『井伊家伝記』は正しく読まれているのか?(その3)

昨日も少し触れたが

両親御なげきにて、一度は亀之丞と夫婦になさるべきに、様を替え候とて尼の名をは付け申すまじき旨、南渓和尚に仰せ渡され候故、次郎法師は最早出家に成り申し候上は是非に尼の名付け申したきと、親子の間黙止難く、備中次郎と申す名は井伊家惣領の名、次郎法師は女にこそあれ井伊家惣領に生れ候間、僧俗の名を兼ねて次郎法師と是非なく南渓和尚御付けなされ候名也、

この部分について、

尼になれば一生涯、尼でいなければならず、還俗すなわち俗人に戻ることはできない。しかし、僧侶であれば「いざ」の時に還俗できる。だから次郎法師と名乗ることを運命づけられたというのだ。
『この一冊でよくわかる! 女城主・井伊直虎』楠戸義昭

ということがまことしやかに語られている。しかし『井伊家伝記』を素直に読んだ限りではそんなことは書いてない。『井伊家伝記』によれば次郎法師」は「僧俗の名を兼ね」た名前であり、僧侶の名前ではない。僧侶の名前にすれば還俗できるというのならば、たとえば彼女が井伊直盛の娘の祐圓尼と同一人物であるなら「祐圓」みたいな名前でも付ければいいではないか?


次郎法師の両親は「尼の名をは付け申すまじき」と南渓和尚に命じただけであり、尼になると還俗できないからなんて理由は一言も述べてない。それに尼の名を付けようが付けまいが出家したからには次郎法師は尼であろう。そもそも尼が僧侶の名前を付ければ還俗できるなんてことが本当に可能なのだろうか(一休さん頓智話じゃやあるまいに) ?


両親の意図は不明だが、還俗できる可能性を担保するために尼の名を付けさせなかったという可能性はかなり低いのではないか?
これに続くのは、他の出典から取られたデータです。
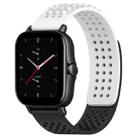 For Amazfit GTS 2E 20mm Holes Breathable 3D Dots Silicone Watch Band(White+Black) - 1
そして結局のところ『井伊家伝記』には次郎法師が還俗したとは書かれていない


次郎法師は尼のまま「地頭」になったのだろう。


先に女性は惣領になれないが地頭にはなれるということを書いた。では尼は地頭になれるのか?知らなかったので調べたらすぐにわかった。尼でも地頭になれる。というか、鎌倉時代に最初に地頭になった女性は「寒河尼」という尼であったらしい。
鎌倉時代の地頭制度で、はじめて女性で地頭になったのは誰か。 | レファレンス協同データベース


還俗云々は誰が最初に言い出したのか知らないが(小和田氏か?)、それは次郎法師井伊直虎説が出来て、直虎というい諱があるから還俗したのだろうという推測の元に発生したものではなかろうか?


だが『井伊家伝記』を素直に読む限りは、そんな意図で「次郎法師」と名付けた可能性は全く無いとは言い切れないけれども、かなり低いのではないだろうか?



(追記 18:06)

そもそも尼が還俗できないというのは本当か?

「僧尼令」(大宝令新解)というのを見たら「凡僧尼自還俗者、」とあって、僧尼が還俗したら治部省に届けて僧籍を除き、もとの戸籍に還付せよとはあるけれど、還俗できないなんてことは書いてない。


一体どこから、こんな話が出てきたのか?


なお「尼 還俗」で検索すると。小弓公方足利義明の娘は青岳尼といい、還俗して里見義弘の妻となったというウィキペディアの記事がヒットした。
青岳尼 - Wikipedia


東海地方では尼は還俗できなかったという話があるようだが、その根拠は何であろうか?その根拠は井伊直盛の娘が次郎法師と名乗ったからという循環論法ではあるまいか?